Efficient green phosphor realized by Ce3+→Tb3+ energy transfer in Li3Sc2(PO4)3 for ultraviolet white light-emitting diodes

Abstract

A series of Ce³⁺/Tb³⁺ doped Li₃Sc₂(PO₄)₃ phosphors has been obtained using high temperature solid state reactions. Density functional theory (DFT) calculations using the CASTEP module have given an insight into the bandgap and electronic structures of the hosts. The phase formation and the crystal structure of the prepared samples were verified using X-ray diffraction and Rietveld structure refinement analysis. Samples singly doped with Ce³⁺ ions had an intense emission centered at 350 nm under UV light irradiation, while samples singly doped with Tb³⁺ ions exhibited a typical green emission under 230 nm irradiation.
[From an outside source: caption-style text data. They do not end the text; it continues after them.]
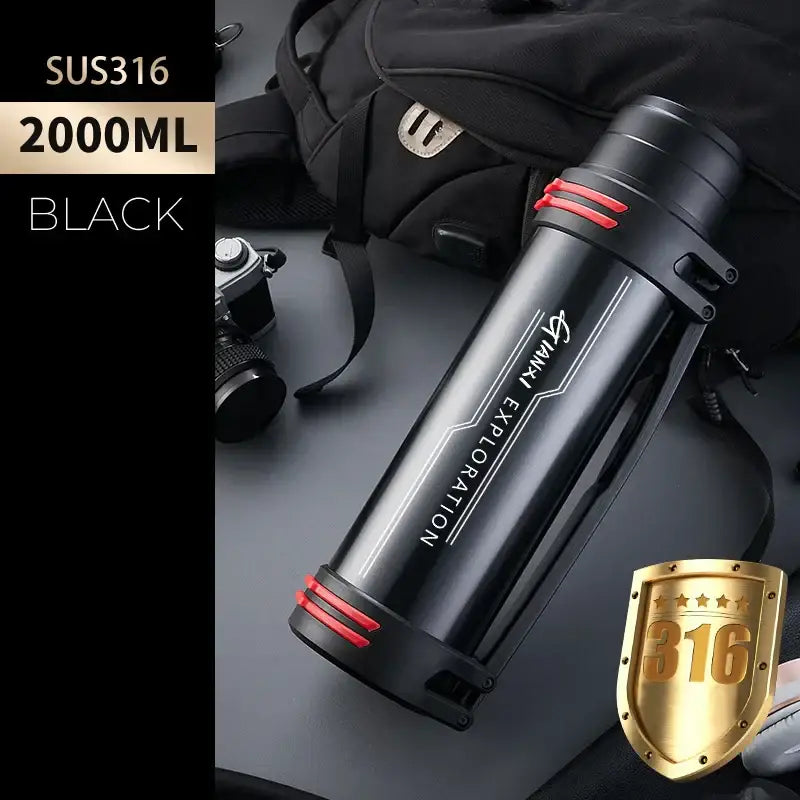 Black Stainless Travel Flask 3000ml Double-Wall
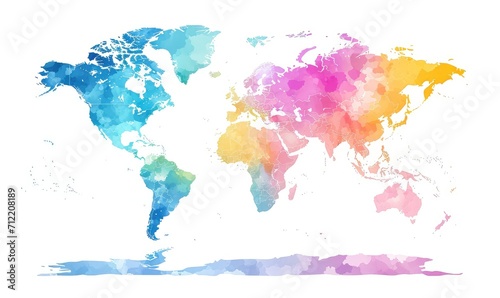 Flat world map Bright pastel colors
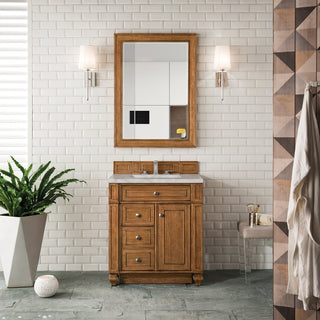 30 Inch Bristol Freestanding Vanity in Saddle Brown / Victorian Silver Top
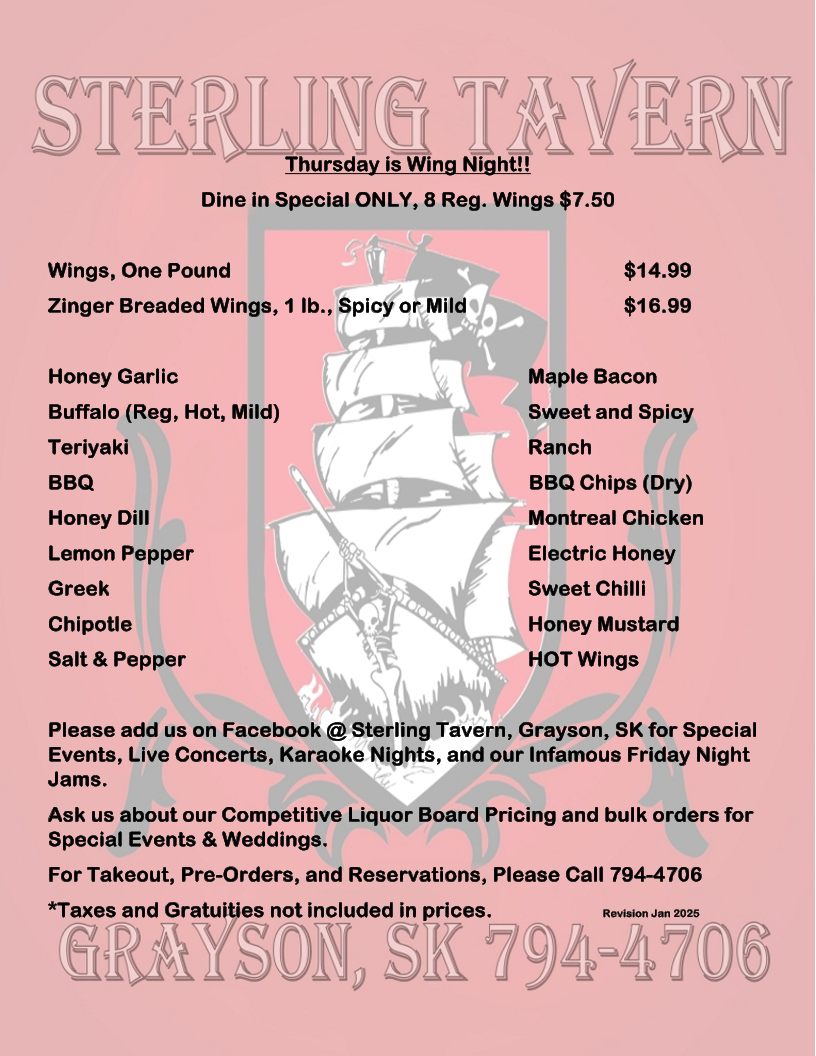Menu, Sterling Tavern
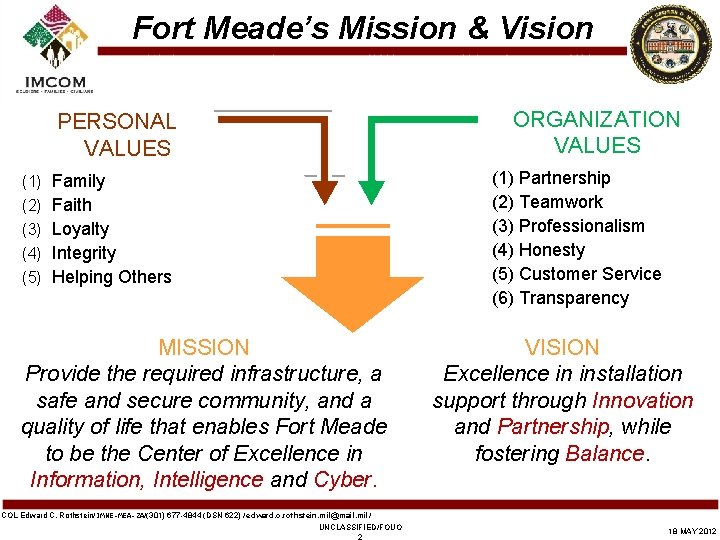 Fort Meade’s Mission & Vision ORGANIZATION VALUES PERSONAL VALUES (1) Partnership (2) Teamwork (3)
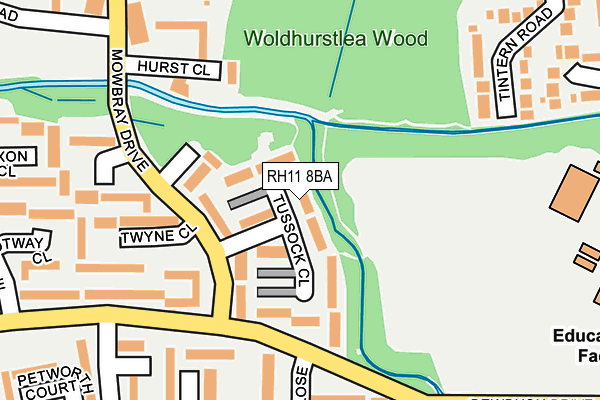 RH11 8BA map - OS OpenMap – Local (Ordnance Survey)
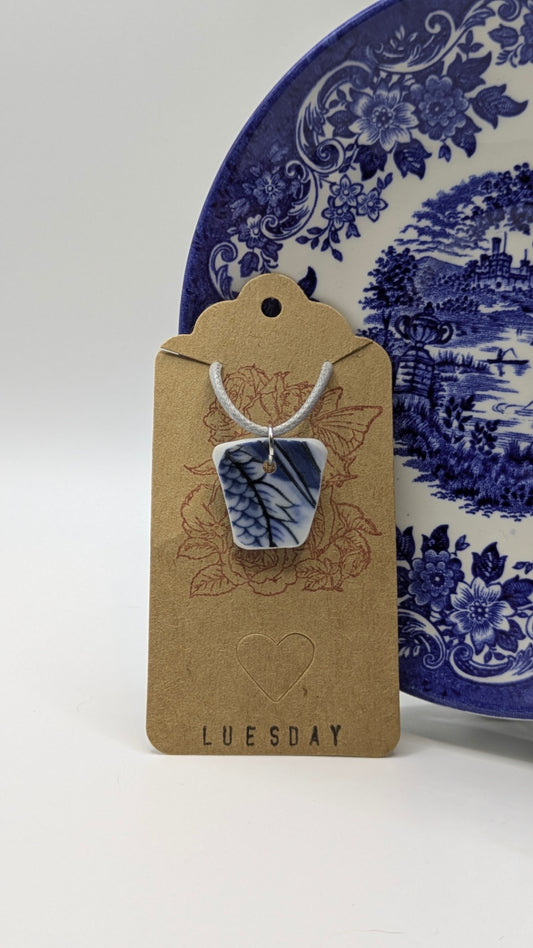 Pendant on cord | Made from Vintage Plates 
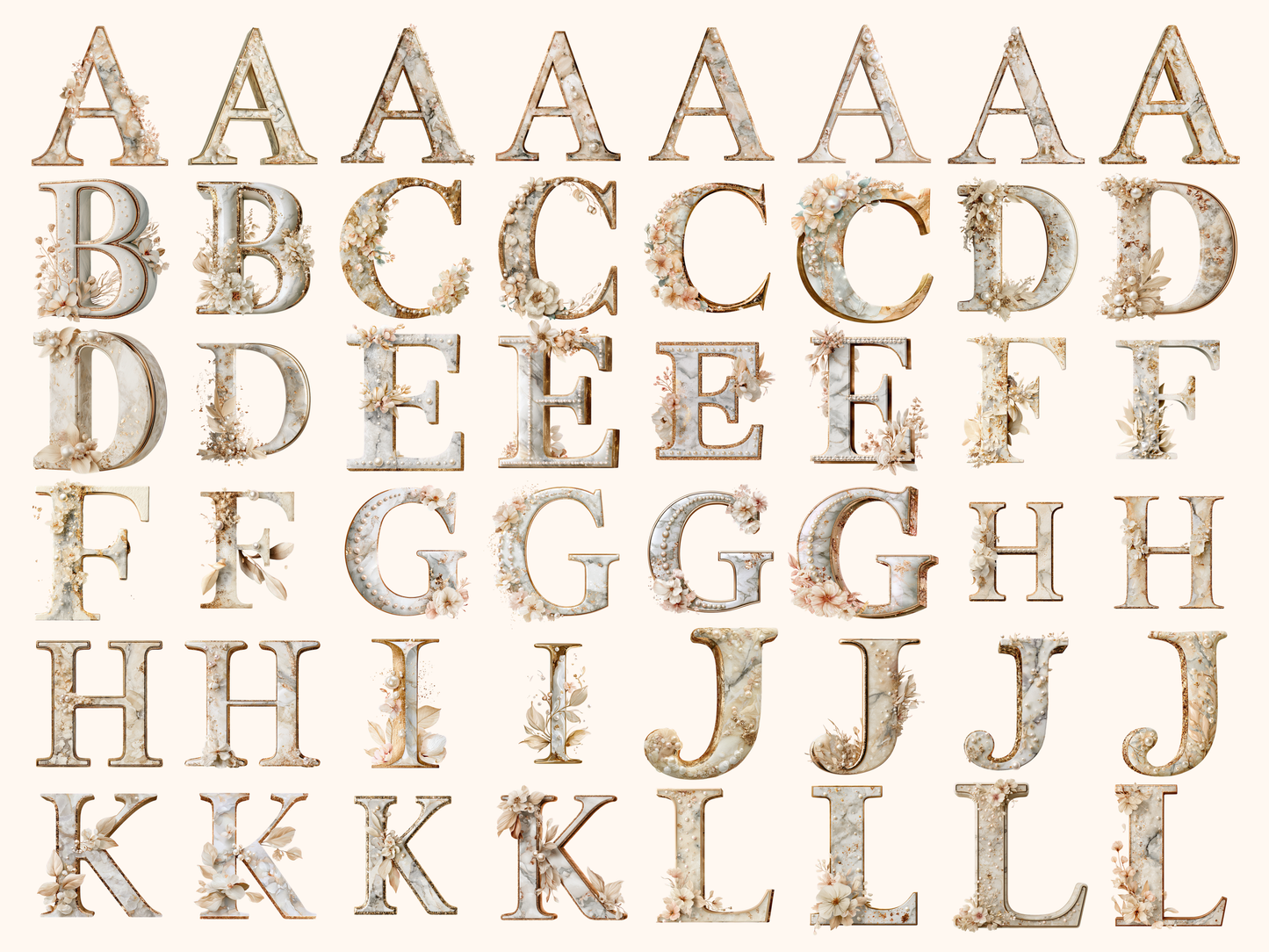 Elegant Gold Monogram Alphabet & Numbers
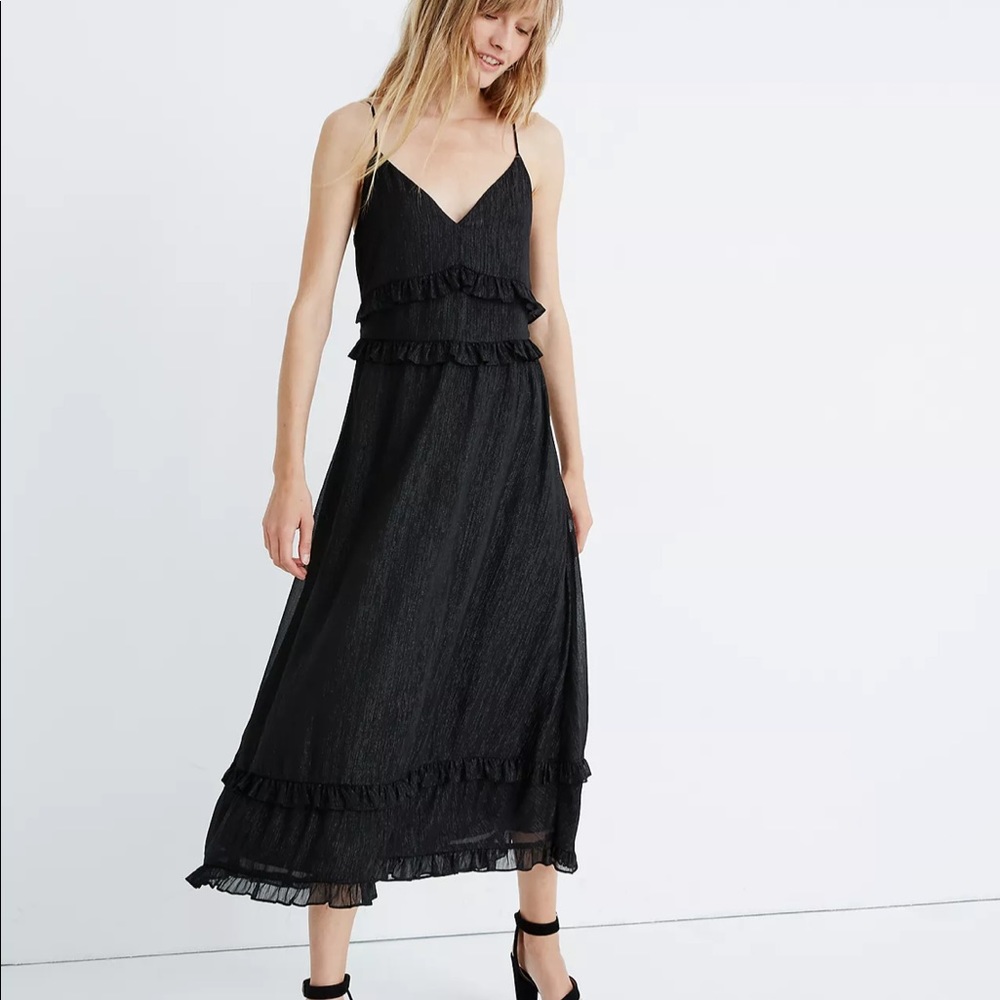 Madewell Shimmer Ruffle Cami Dress Size 4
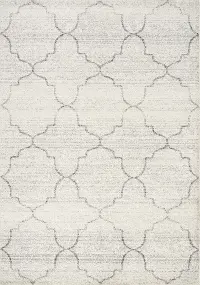 5 x 8 Medium Ogee White and Gray Area Rug - Focus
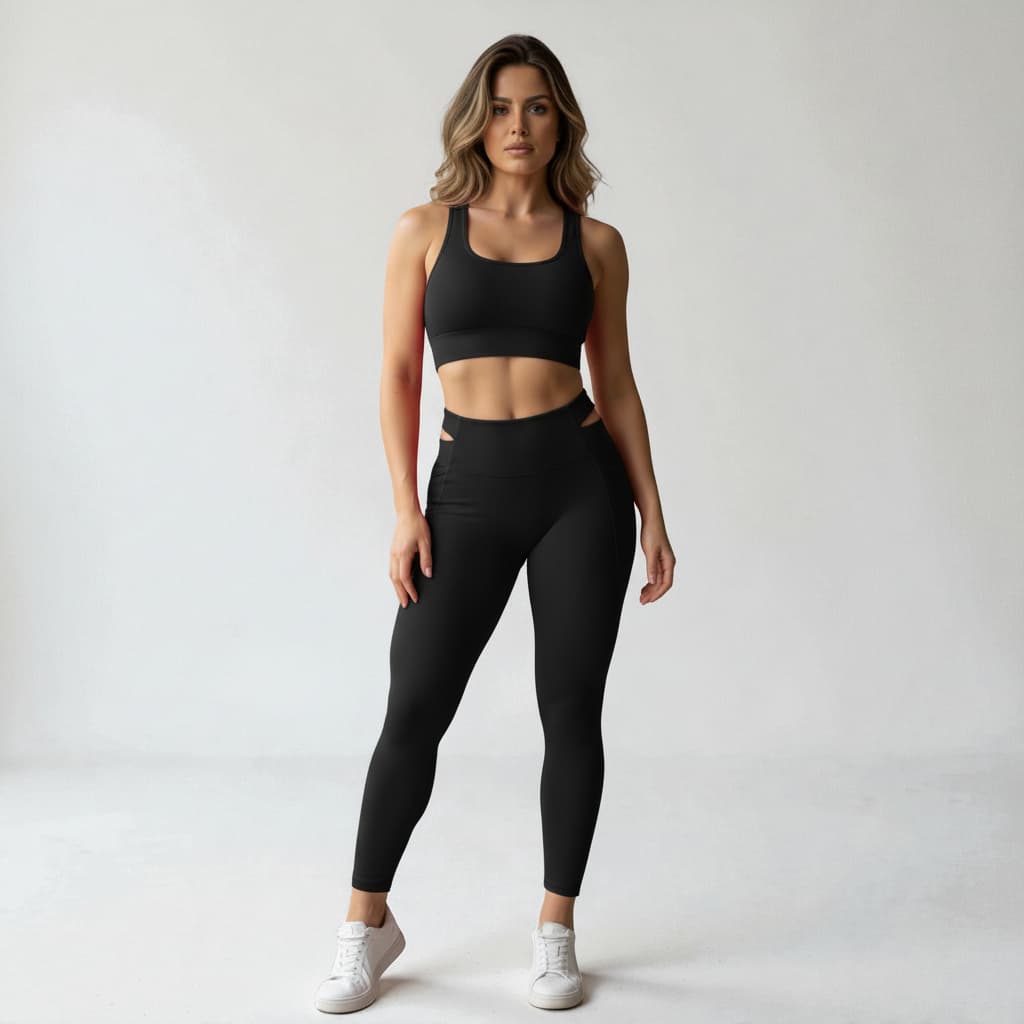 Conjunto Fitness Feminino Poliamida Legging + Top Cintura Alta Zero Transparência Academia PROMOÇÃO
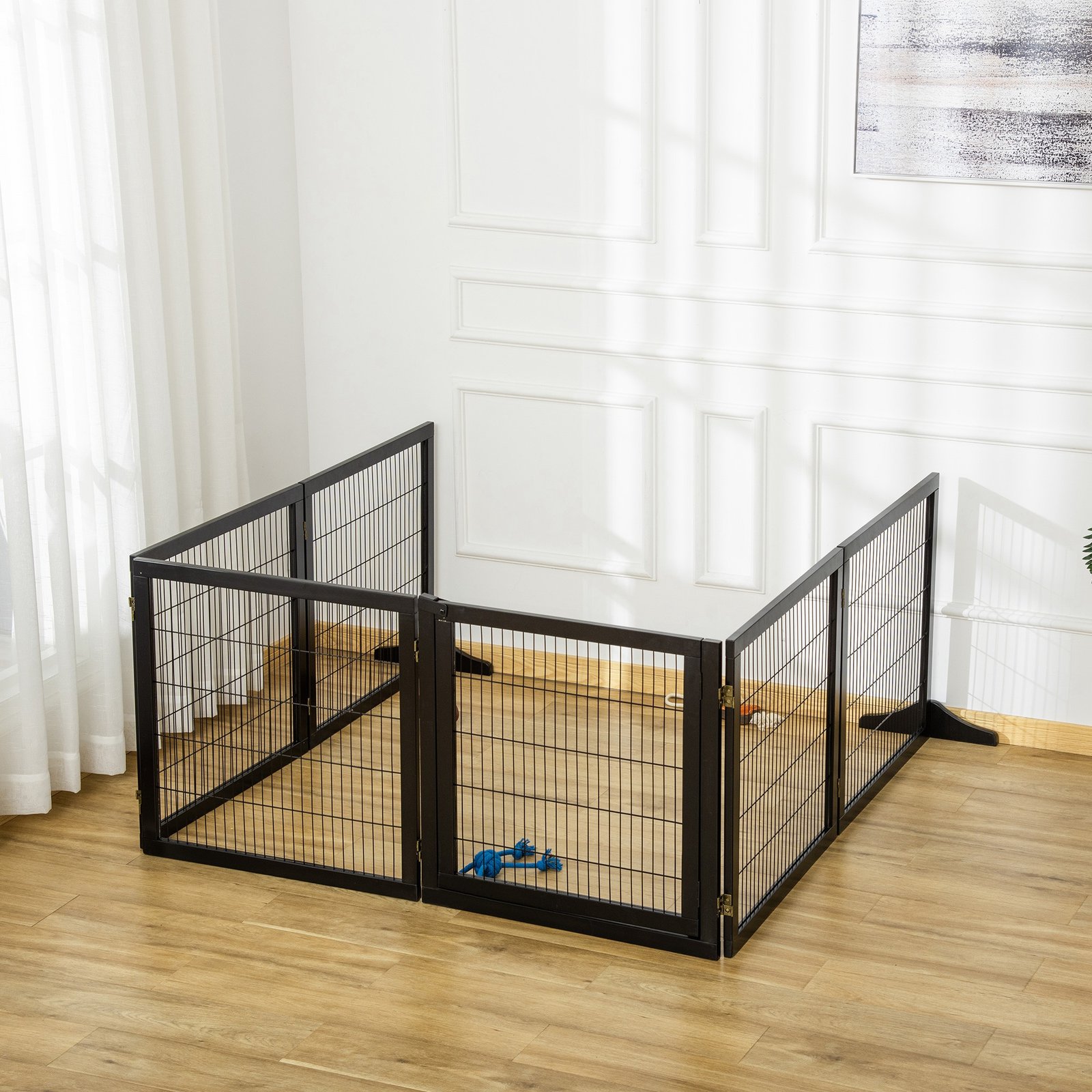 Wooden Pet Gate, Freestanding Dog Security Barrier with Two Support Feet - Black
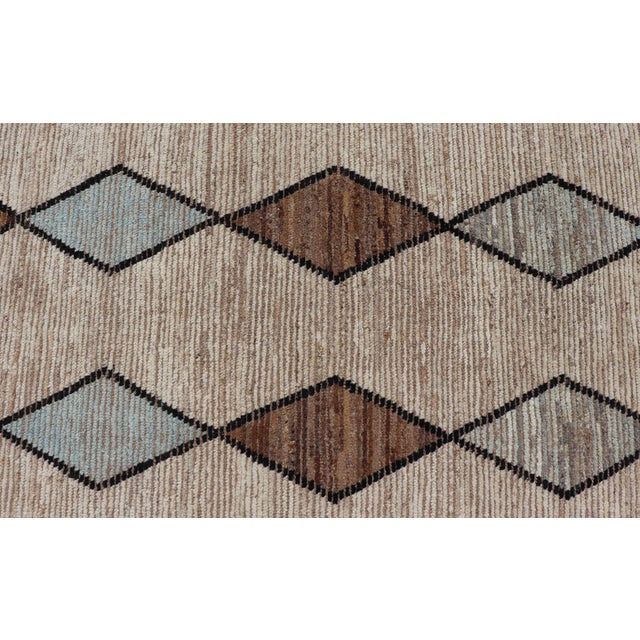 Moroccan Tribal Runner With Geometric Design in Earthy Browns and Cool Blue 4'5 X 12'5 For Sale - Image 9 of 11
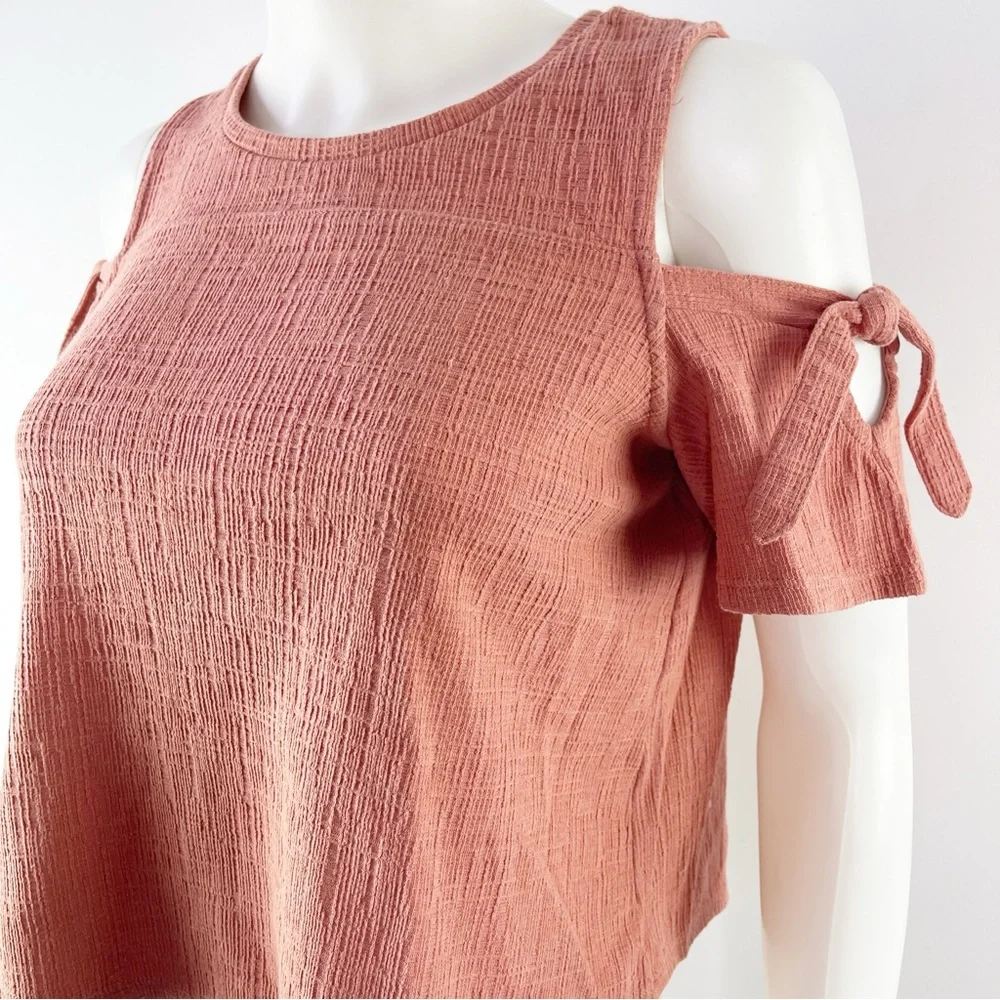 Madewell Coral Pink Short Cold Shoulder Sleeve Blouse Top Size XS - Picture 3 of 8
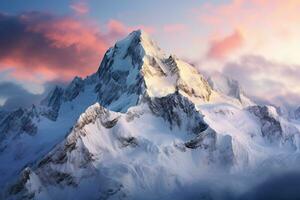 hermosa Nevado montaña picos rodeado por brumoso nubes, generativo ai foto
Efficient Ce³⁺→Tb³⁺ energy transfer can cause the Li₃Sc₂(PO₄)₃:Ce³⁺,Tb³⁺ samples to have an intense green emission at very low Tb³⁺ concentrations under 285 nm excitation, making Li₃Sc₂(PO₄)₃:Ce³⁺,Tb³⁺ an efficient UV-excited green phosphor. The mechanism and critical distance for Ce³⁺→Tb³⁺ energy transfer in the phosphor were determined by detailed luminescence decay curve analysis utilizing the I–H model. Moreover, a WLED device was fabricated using our prepared green phosphor.